Typically there is a desire to reduce size of electronic units, while lowering associated assembly costs and improving overall ruggedness. In particular, many electronic units such as hand hold mobile terminals, communication units, and the like have various assembly costs, and are generally susceptible to damage during employment in harsh environments. Such units are generally assembled by enclosing internal electrical components, such as key pads, a central processing unit (CPU) board, display, and internal wiring, within a housing made of plastic or another structural material.
In general, the key pad for such electronic apparatus is comprised of a circuit board, a frame, and a set of key switches respectively mounted in respective holes on the frame. When a key switch is clicked, a respective contact at the circuit board is triggered that causes the circuit board to output a corresponding electrical signal. Because the key switches consist of a number of parts, and are respectively placed in their respective position on the frame, gaps can exist in the common boundaries through which external environmental contaminants (e.g., water) can pass to the inside of the key pad assembly, and adversely affect its functionality.
In addition, in fabrication of such key pad assembly there are costs associated with various mechanical overheads for holding a plurality of key pad components in place. Moreover, a typical assembly of such key pad components into a compartment that houses the electronic unit can require several manufacturing processes. For example, before a housing for the electronic unit is fastened together, the key pad and other components must be assembled to a sub frame, to the housing, or to some other subassembly. Such assembly steps are generally time consuming and expensive in manufacturing.

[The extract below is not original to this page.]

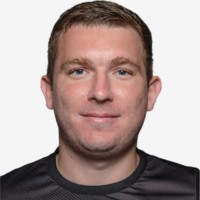 Ryan Simpson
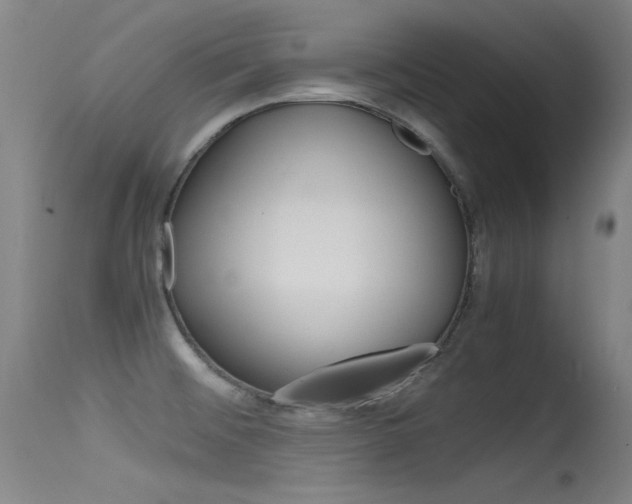 X0000115721476200911121051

At the same time, for many electronic units with keypads there are applications wherein associated printed circuit board and electronic components of the key pad can be exposed to high shock conditions and accelerations during deployment. In particular, with an increasing number of electronic circuitry in the form of printed circuit boards, the need has commensurately increased to ensure that associated electronic components of a key pad, as well as the electrical interconnections and the substrate on which the electrical interconnections are printed, are securely mounted on the host unit, while at the same time being easily replaceable should a need arise.
Therefore, there is a need to overcome the aforementioned deficiencies associated with conventional devices.